[Opening Collected data section]
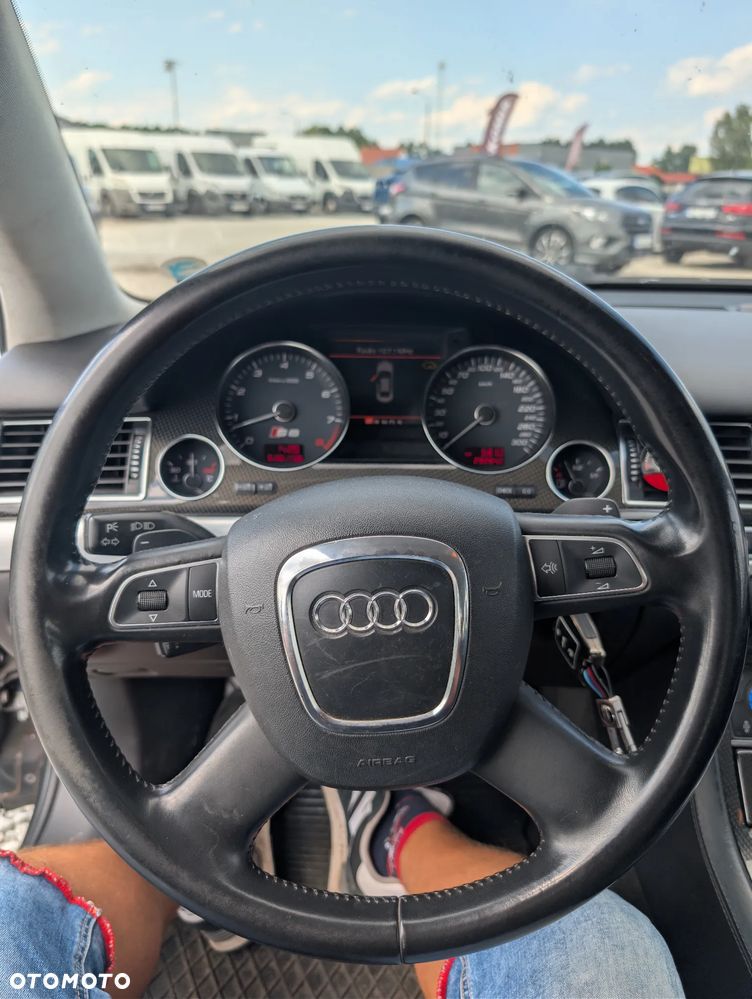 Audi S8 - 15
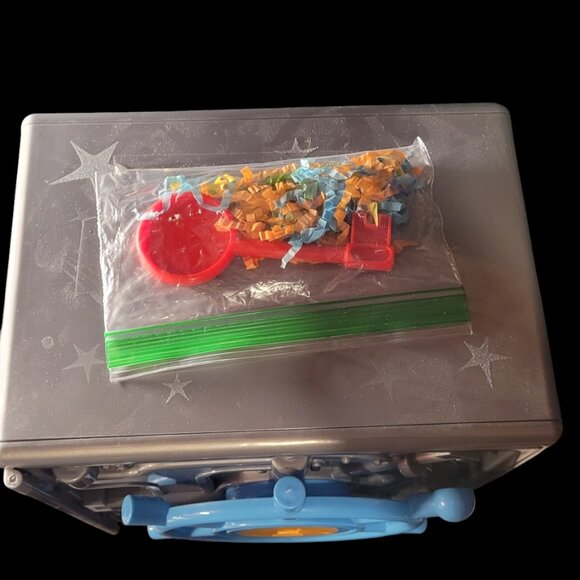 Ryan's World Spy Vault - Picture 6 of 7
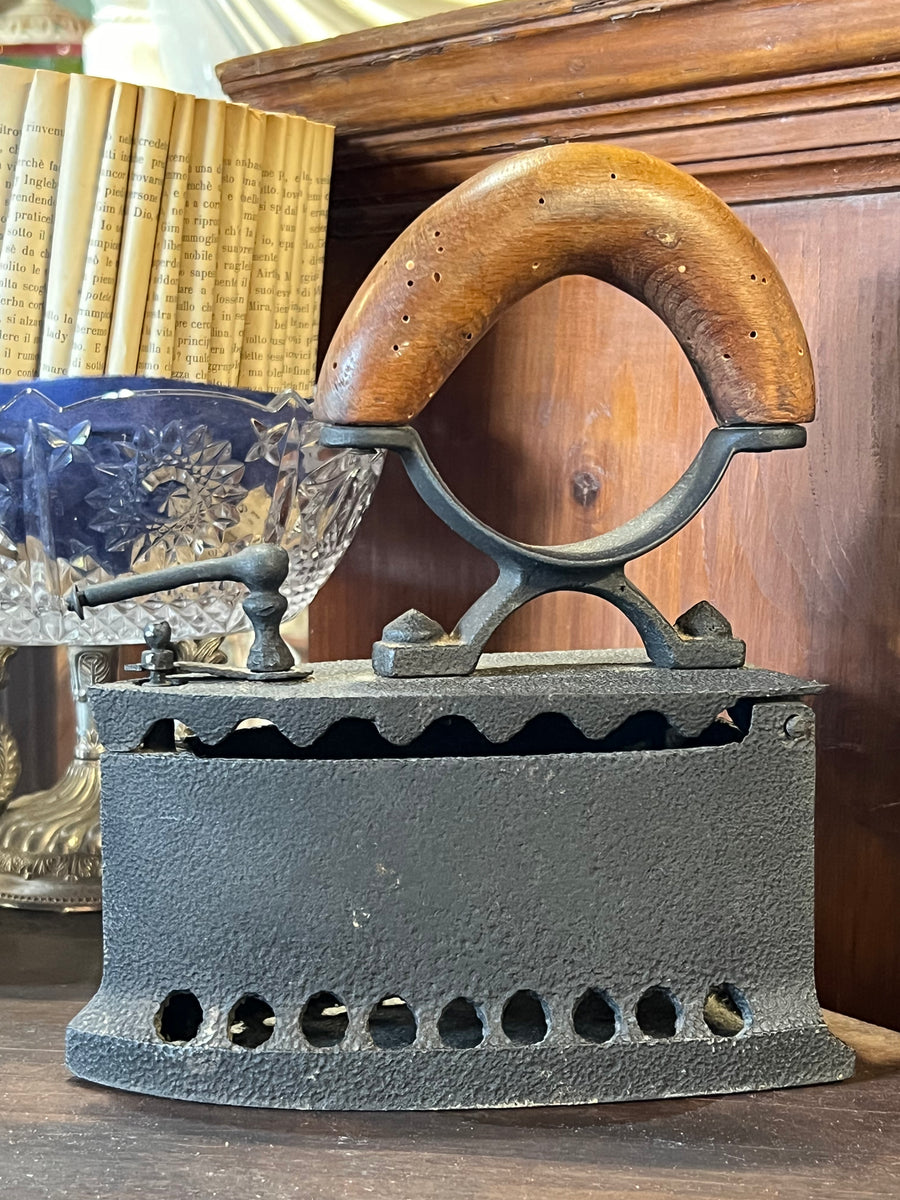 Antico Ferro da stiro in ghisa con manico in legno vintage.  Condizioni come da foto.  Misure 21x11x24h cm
[Closing Collected data section]
Work request: Every line from the one holding "Ryan's World Spy Vault - Picture 6 of 7" through the final line of the data above is to be reproduced exactly, both ends included, with the pictures left out.

Answer to this problem:
 Ryan's World Spy Vault - Picture 6 of 7
 Antico Ferro da stiro in ghisa con manico in legno vintage.  Condizioni come da foto.  Misure 21x11x24h cm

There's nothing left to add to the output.